**WORK ORDER**
All of the entries below should be returned verbatim, apart from the pictures.

**GIVEN RECORDS**

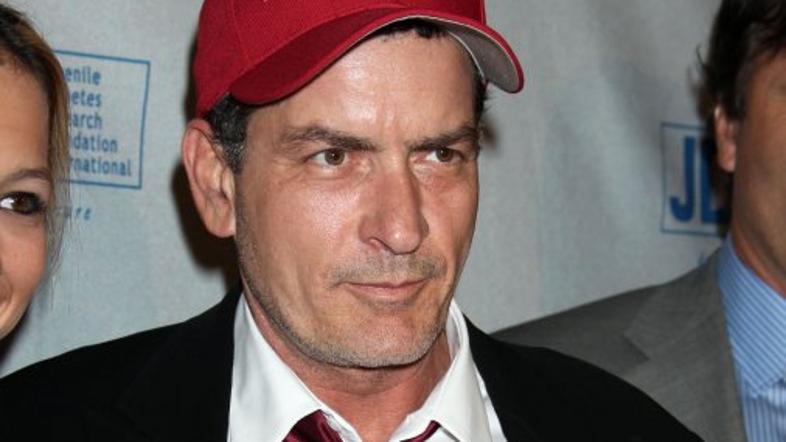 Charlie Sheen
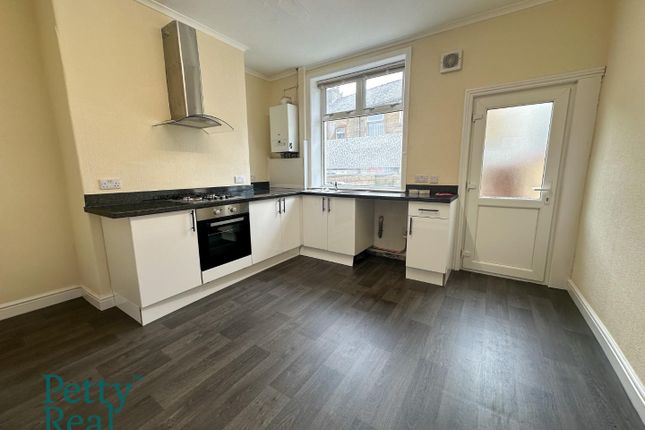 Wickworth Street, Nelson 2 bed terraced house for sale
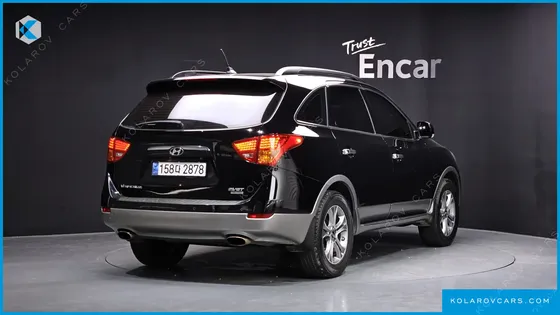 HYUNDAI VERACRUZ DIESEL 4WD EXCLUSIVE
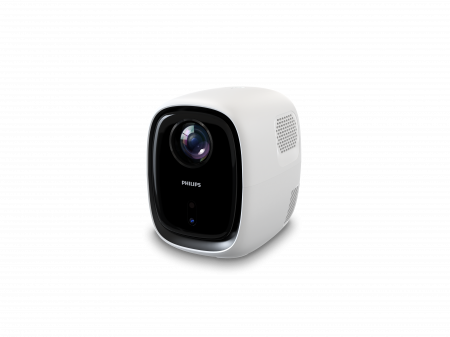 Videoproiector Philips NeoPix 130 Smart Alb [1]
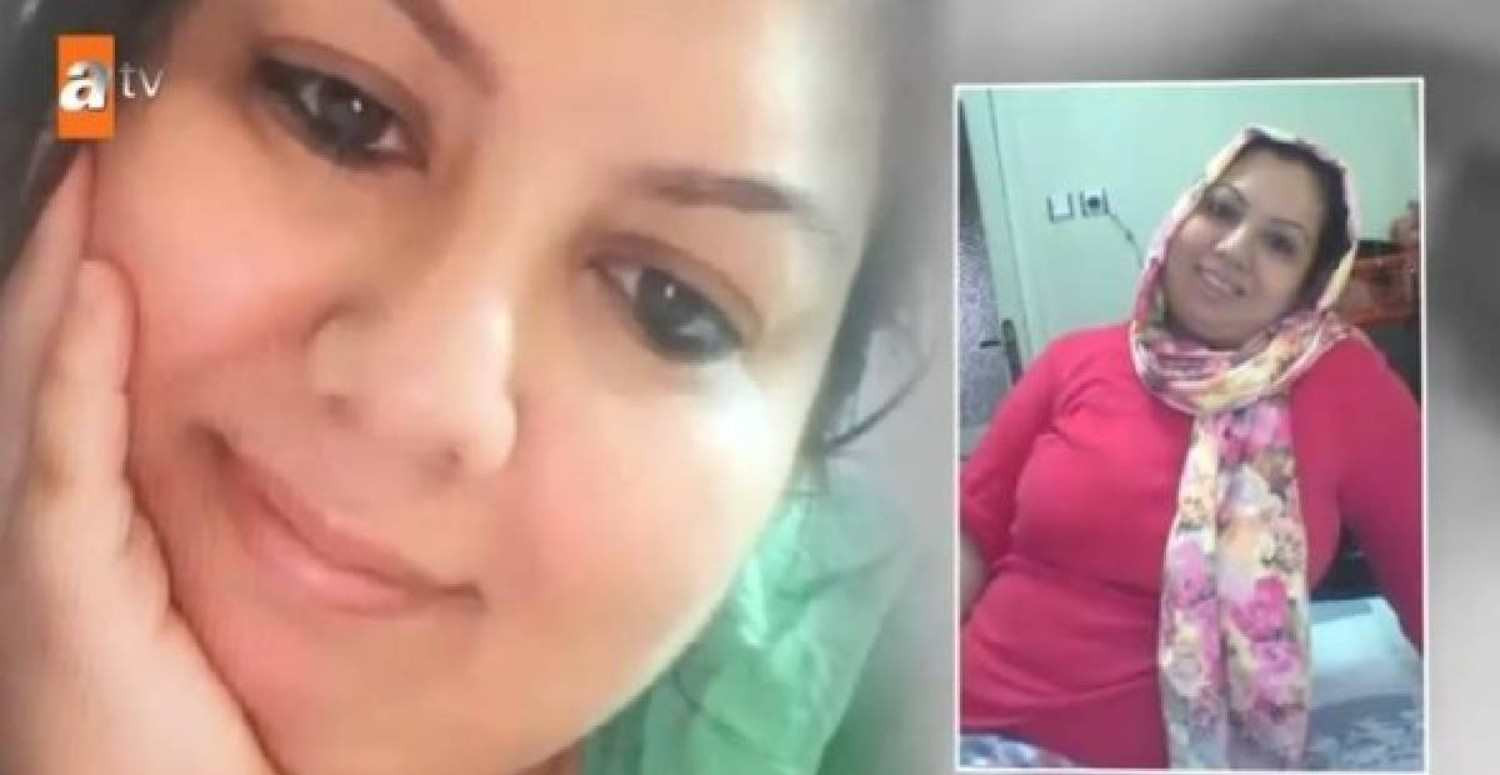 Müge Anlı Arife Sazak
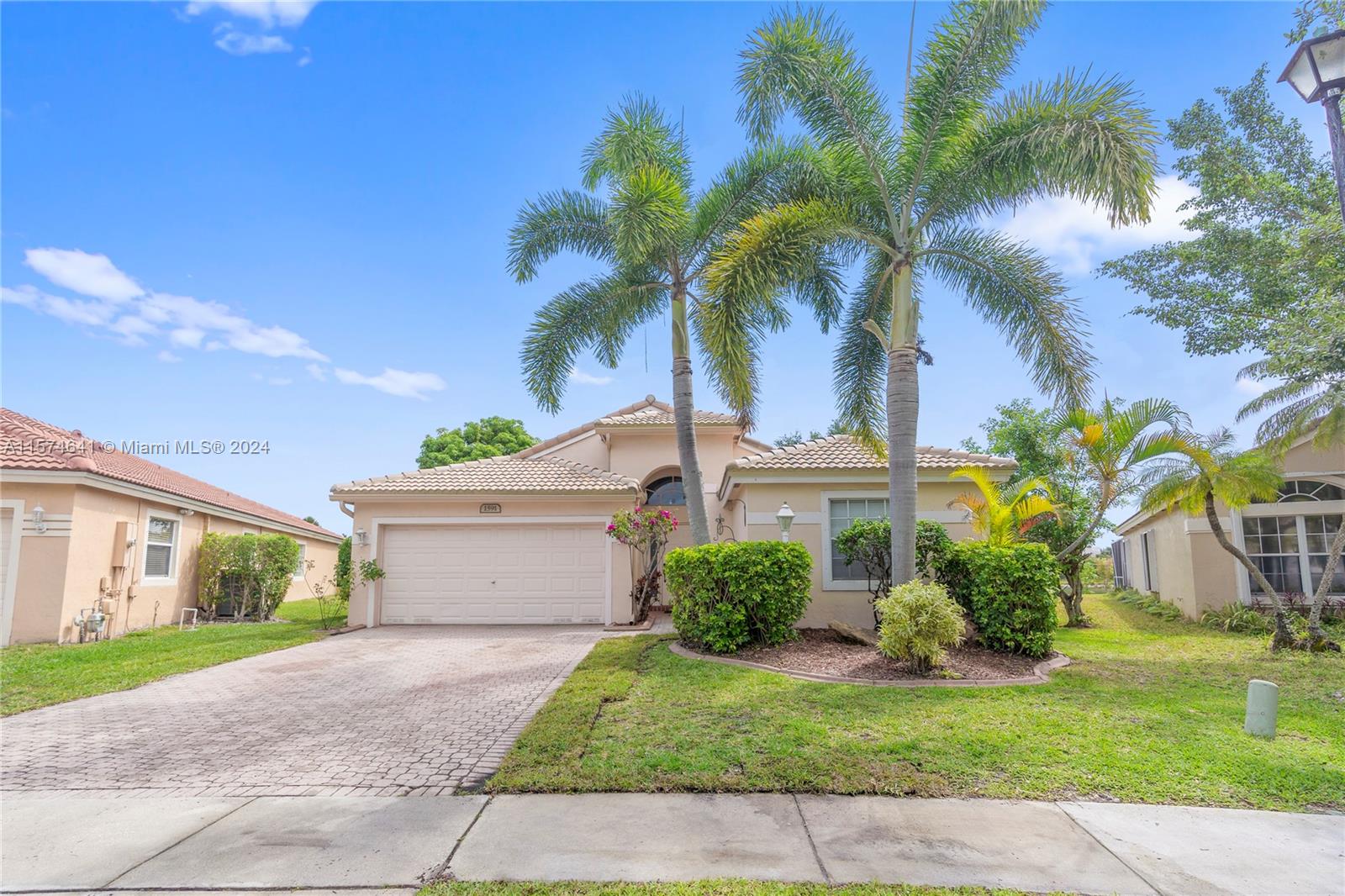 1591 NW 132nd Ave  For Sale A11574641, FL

**ANSWER FOR THIS EXERCISE**
 Charlie Sheen
 Wickworth Street, Nelson 2 bed terraced house for sale
 HYUNDAI VERACRUZ DIESEL 4WD EXCLUSIVE
 Videoproiector Philips NeoPix 130 Smart Alb [1]
 Müge Anlı Arife Sazak
 1591 NW 132nd Ave  For Sale A11574641, FL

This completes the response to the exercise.